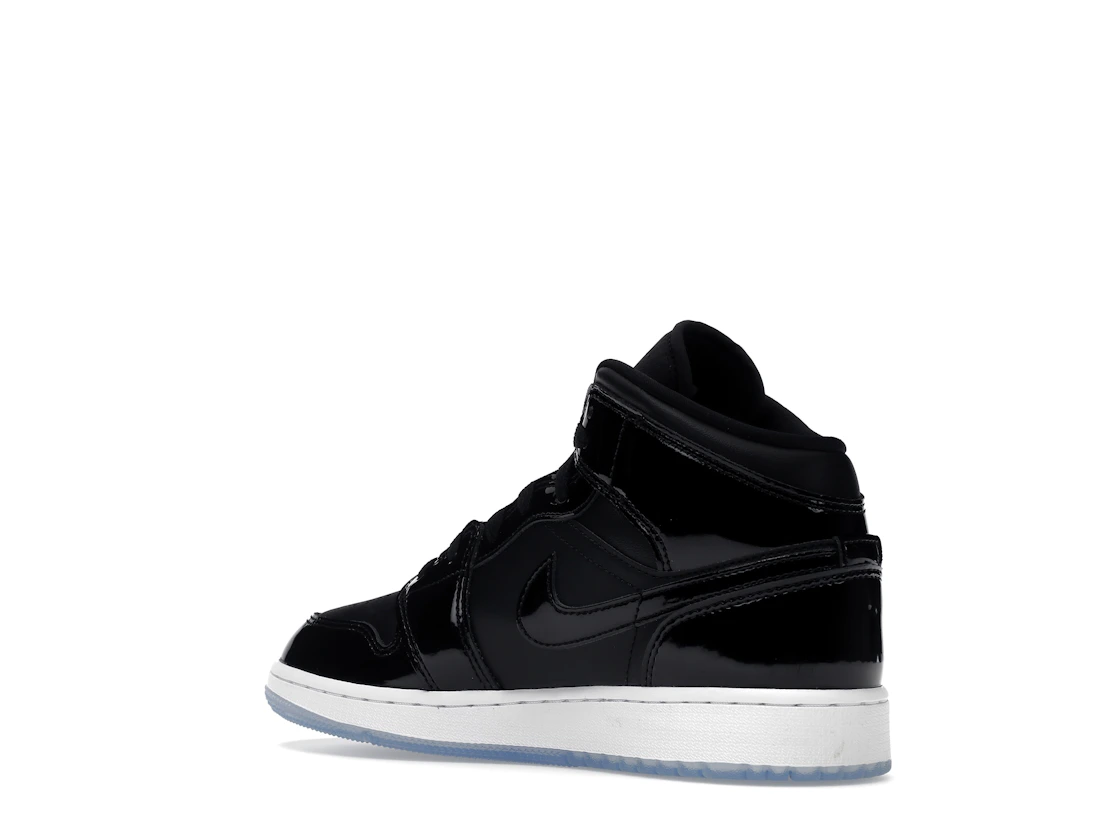 Vue 23 de Jordan 1 Mid SE Space Jam (GS)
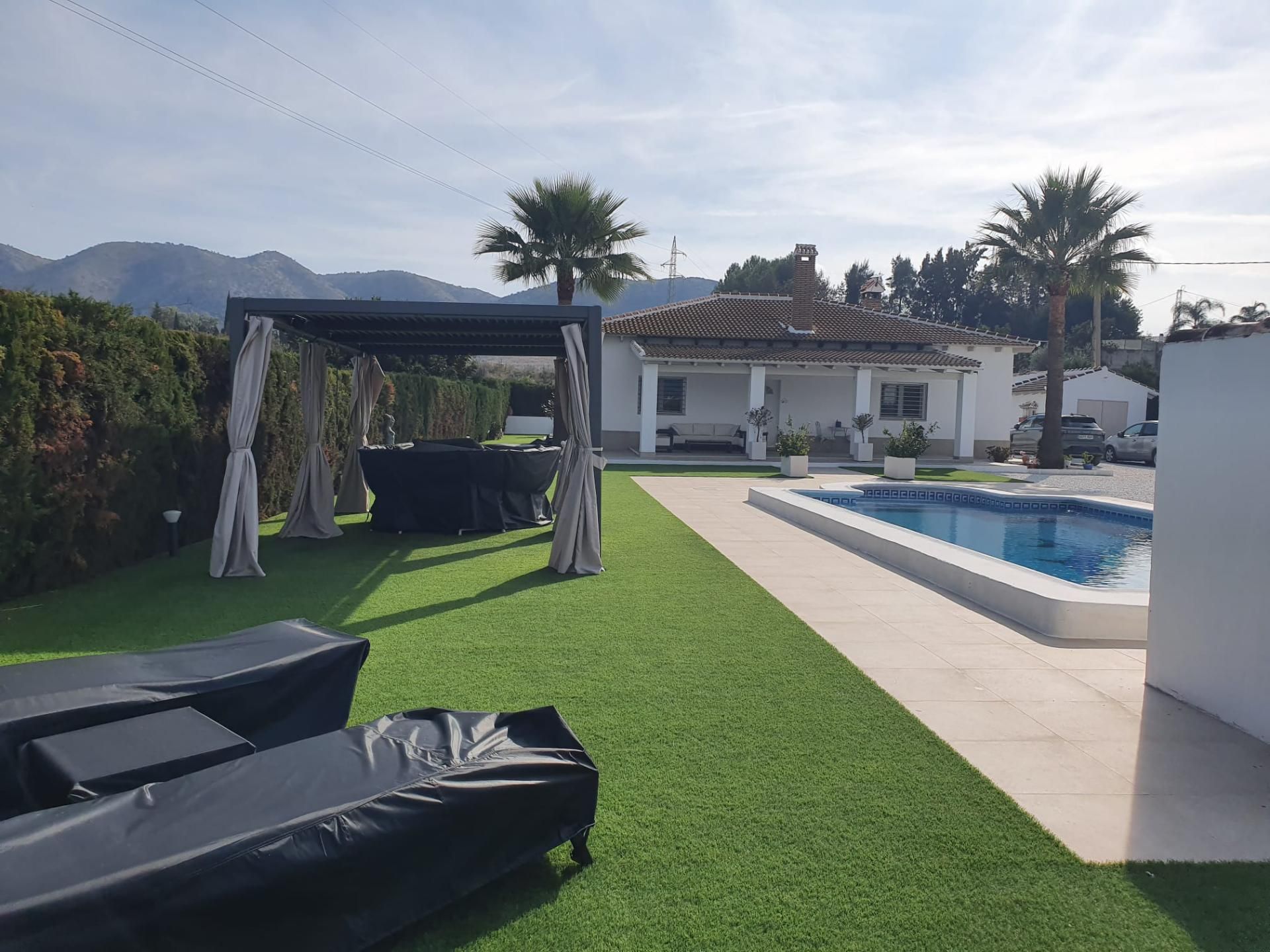Jardí de Casa o xalet en venda en Cártama amb Aire condicionat, Terrassa i Piscina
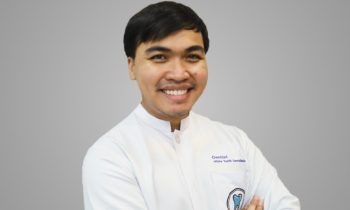 ทพ.จักรพันธ์ เที่ยงตรง (Dr. Jakkraphan Tiangtrong) (White Teeth Dental Clinic)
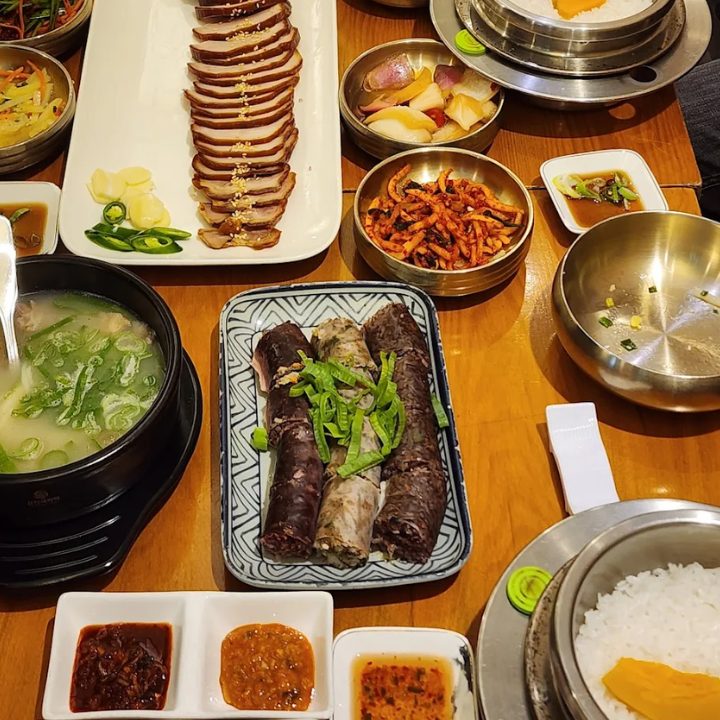 Jinhan Gukbap - Cơm Canh Hàn - Quận 1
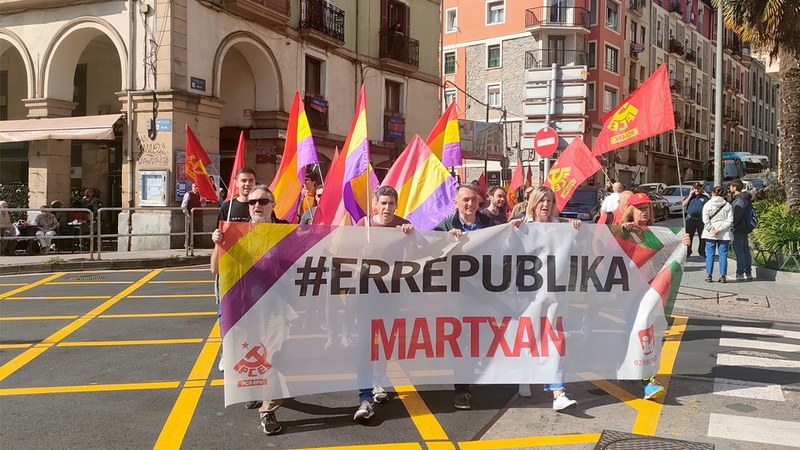 Hirugarren Errepublika aldarrikatu zuten atzo Eibarren, bigarrenaren 93. urteurrena ospatzeko ekitaldietan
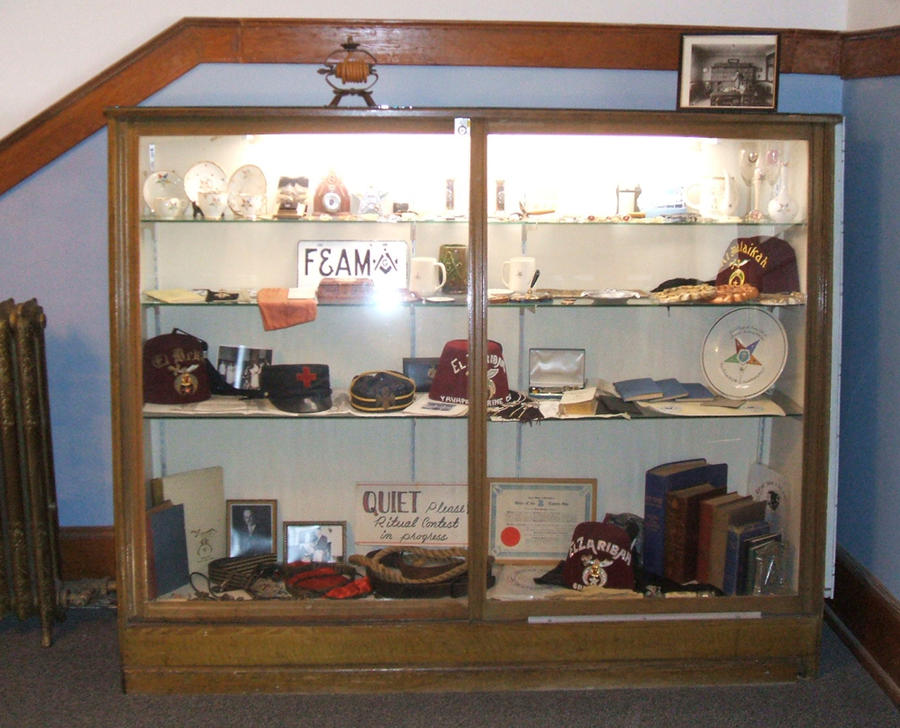 Freemason display case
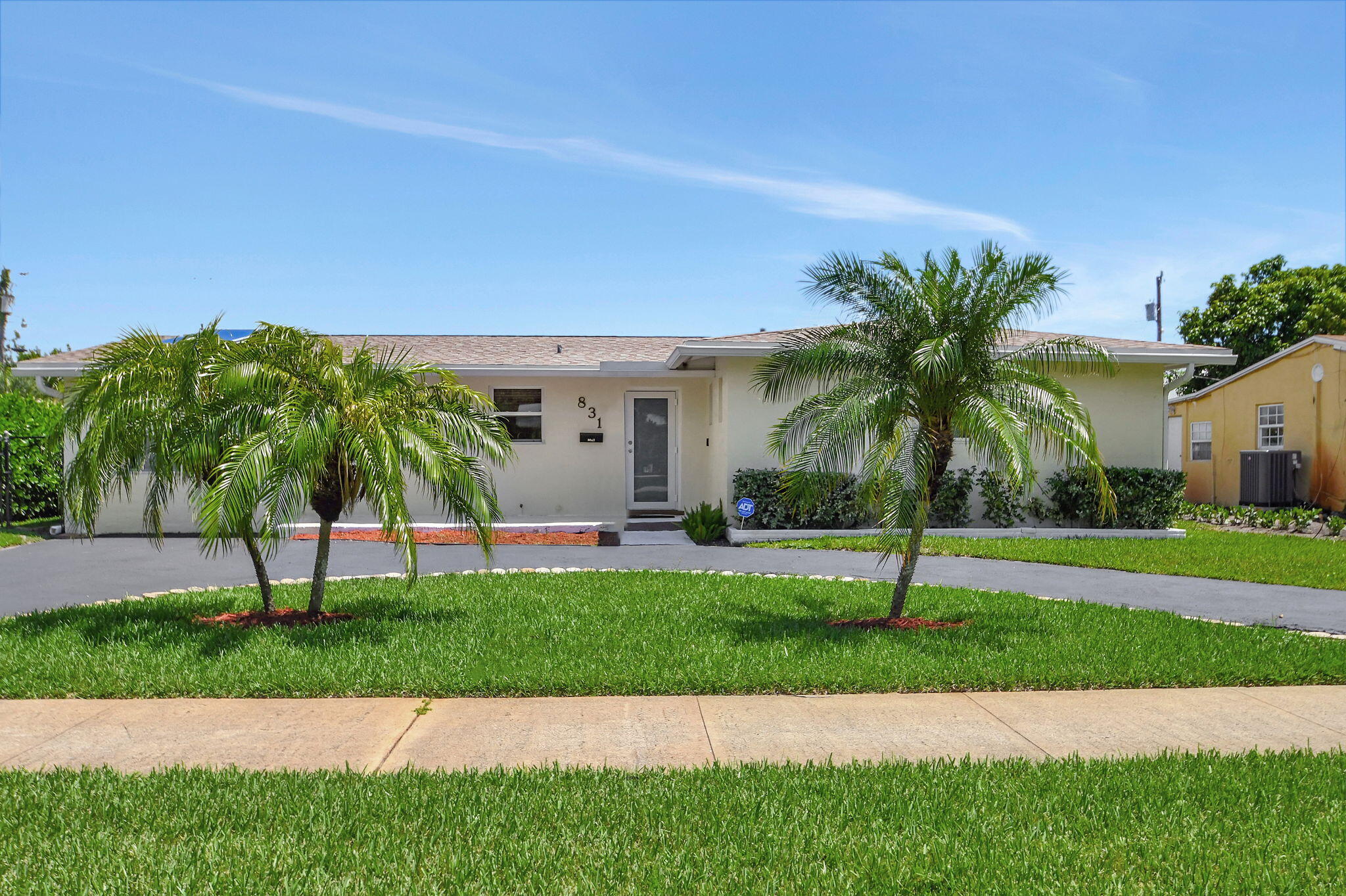 831 Evergreen Drive, Lake Park, Palm Beach County, Florida - 3 Bedrooms  
2 Bathrooms -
◆ ◆ ◆
Prompt: All of the records above are to be printed exactly, with every picture omitted.

Expected output:
 Vue 23 de Jordan 1 Mid SE Space Jam (GS)
Jardí de Casa o xalet en venda en Cártama amb Aire condicionat, Terrassa i Piscina
 ทพ.จักรพันธ์ เที่ยงตรง (Dr. Jakkraphan Tiangtrong) (White Teeth Dental Clinic)
 Jinhan Gukbap - Cơm Canh Hàn - Quận 1
 Hirugarren Errepublika aldarrikatu zuten atzo Eibarren, bigarrenaren 93. urteurrena ospatzeko ekitaldietan
 Freemason display case
 831 Evergreen Drive, Lake Park, Palm Beach County, Florida - 3 Bedrooms  
2 Bathrooms -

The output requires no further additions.